Athelstan stood just within the wicket gate leading into the Palisade. He peered through the misty murk at the forbidding donjon, the Barbican, and, beyond it, the expanse of rough land which stretched down to the piggeries and slaughter pens.
'Lord,' Athelstan whispered, 'I am about to enter the domain of murder. If I become so busy as to forget you, do not thou forget me.' He crossed himself and turned to where Cranston stood in hushed conversation with the burly taverner Thorne. Two great hulking men, though Mine Host was clean-shaven and more wiry than the generously proportioned coroner. Both men wore close-fitting beaver hats and heavy military cloaks. Cranston had whispered to his 'good friar', as he called Athelstan, how he and Thorne had both served in France under the Black Prince's banner.
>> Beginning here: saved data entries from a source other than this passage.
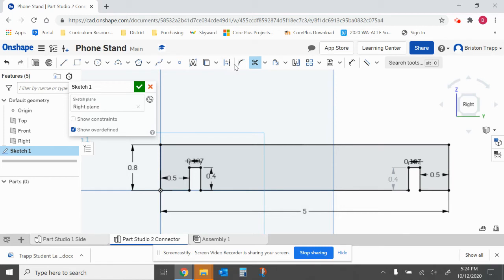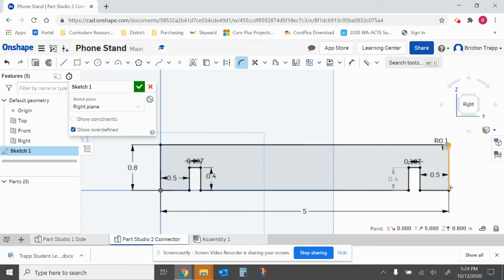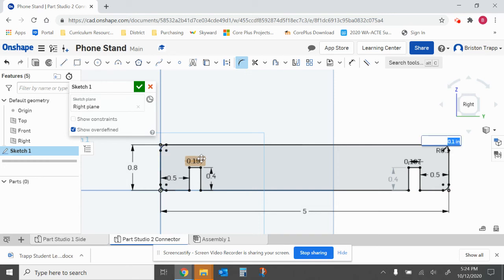we're going to switch over to the sketch fillet tool and add our 0.1 inch radius fillets to the outside corners. 0.1. Enter. That is it for part 13.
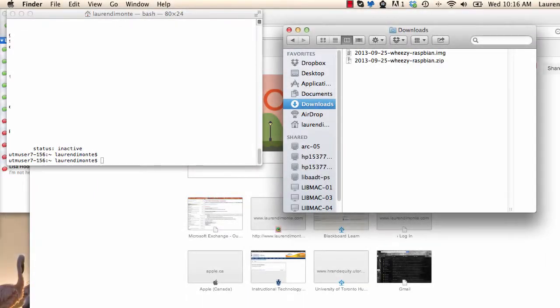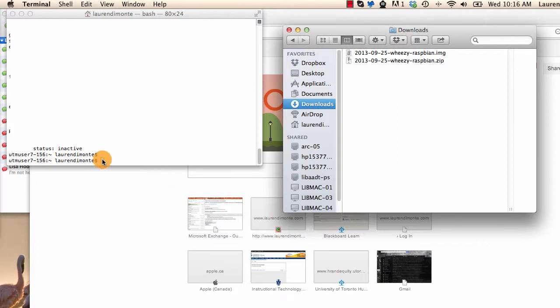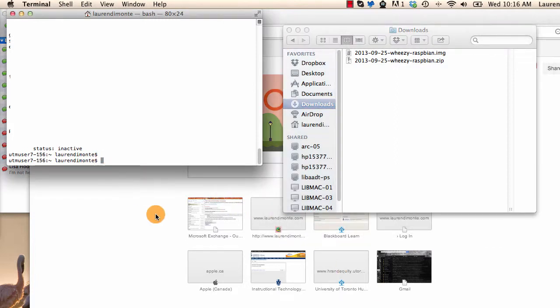This is just a quick video to show you how to drag and drop your image file into the terminal. If you're looking at my how-to instructions here, you're going to be on line 3, so you've just typed in sudo dd if equals.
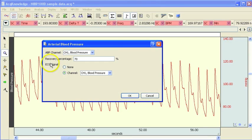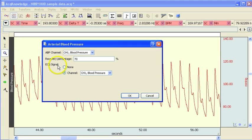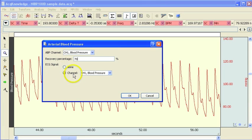The software, or this particular routine in the software, will also automatically analyze an ECG signal. But this particular file doesn't include ECG so I'm going to set this to none.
Thorne was a veteran, a captain of hobelars who had secured enough ransoms to make him a wealthy man and buy The Candle-Flame.
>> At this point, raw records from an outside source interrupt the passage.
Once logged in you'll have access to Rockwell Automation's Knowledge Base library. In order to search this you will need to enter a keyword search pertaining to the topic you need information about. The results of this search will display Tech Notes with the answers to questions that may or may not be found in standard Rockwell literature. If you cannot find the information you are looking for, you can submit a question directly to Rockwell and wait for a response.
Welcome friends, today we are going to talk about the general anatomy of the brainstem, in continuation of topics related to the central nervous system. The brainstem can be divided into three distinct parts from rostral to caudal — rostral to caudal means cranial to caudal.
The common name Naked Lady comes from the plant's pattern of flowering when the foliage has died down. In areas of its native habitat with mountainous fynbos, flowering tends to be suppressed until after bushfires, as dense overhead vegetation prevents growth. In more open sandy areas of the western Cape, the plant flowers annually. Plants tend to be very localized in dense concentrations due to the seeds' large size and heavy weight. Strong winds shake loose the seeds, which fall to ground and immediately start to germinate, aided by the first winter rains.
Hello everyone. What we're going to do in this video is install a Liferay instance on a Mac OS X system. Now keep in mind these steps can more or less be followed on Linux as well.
'Sir John,' Athelstan called, 'we should shelter from the cold and view this place of slaughter.' All three walked over to the remains of the campfire, where a few embers glowed and sparked. Athelstan crouched down, staring at the shifting heap of grey ash.
'A cold night,' he murmured. 'Yet this fire has not been fed for hours.' He rose and walked over to the corpses of the bowmen, knelt between them, closed his eyes and whispered the words of absolution. Opening the wallet on the cord around his waist, he pulled out the stoppered phial of holy oil and sketched a cross on the dead men's foreheads. Their skin was ice cold; the blood which they coughed up through their noses and mouths was as frozen as the congealed mess on their chests. Both men had been armed but there was little evidence that they had used the weapons lying beside them.
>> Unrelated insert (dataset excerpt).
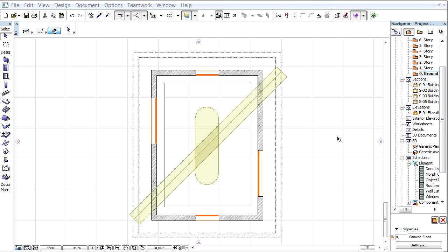This video presents how ARCHICAD displays the contour of 3D elements using the Floor Plan based 3D Document View. This view is generated directly from the 3D model, so you can either use solid element operations, or set a Floor Plan cut plane. The Floor Plan projection will be displayed correctly for all ARCHICAD elements.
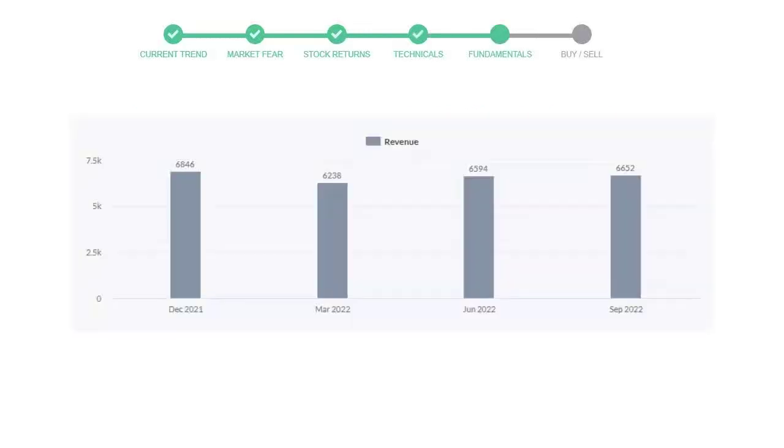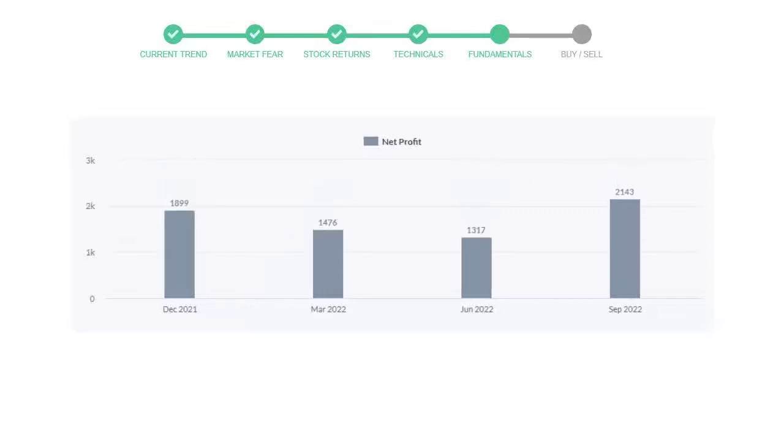Let's look at fundamental analysis. We will mainly see the last two quarters of the company. In June 2022, the revenue was $6594 million. In the recent quarter, September 2022, it increased to $6652 million. Now let's see the profitability of Amgen.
'They were killed. I am sorry.' Athelstan held up a hand. 'They were murdered, foully so, in the early hours. The fire has burnt low, their corpses are icy to the touch and their hot blood is frozen.' Athelstan pointed into the darkness. 'Their assassin crept very close.' Athelstan indicated the blackjacks drained of ale and a half-full waterskin lying near the corpses. 'These two unfortunates were crouching, warming themselves by the fire enjoying their drink. They would make easy targets against the flame light.' Athelstan sighed, sketched a blessing in the air and rose to his feet. He stared around at a bleak, stark stretch of land frozen hard by winter, the trees stripped of leaves, their empty branches twisted, dark shapes against the light and that Barbican, solitary and forbidding.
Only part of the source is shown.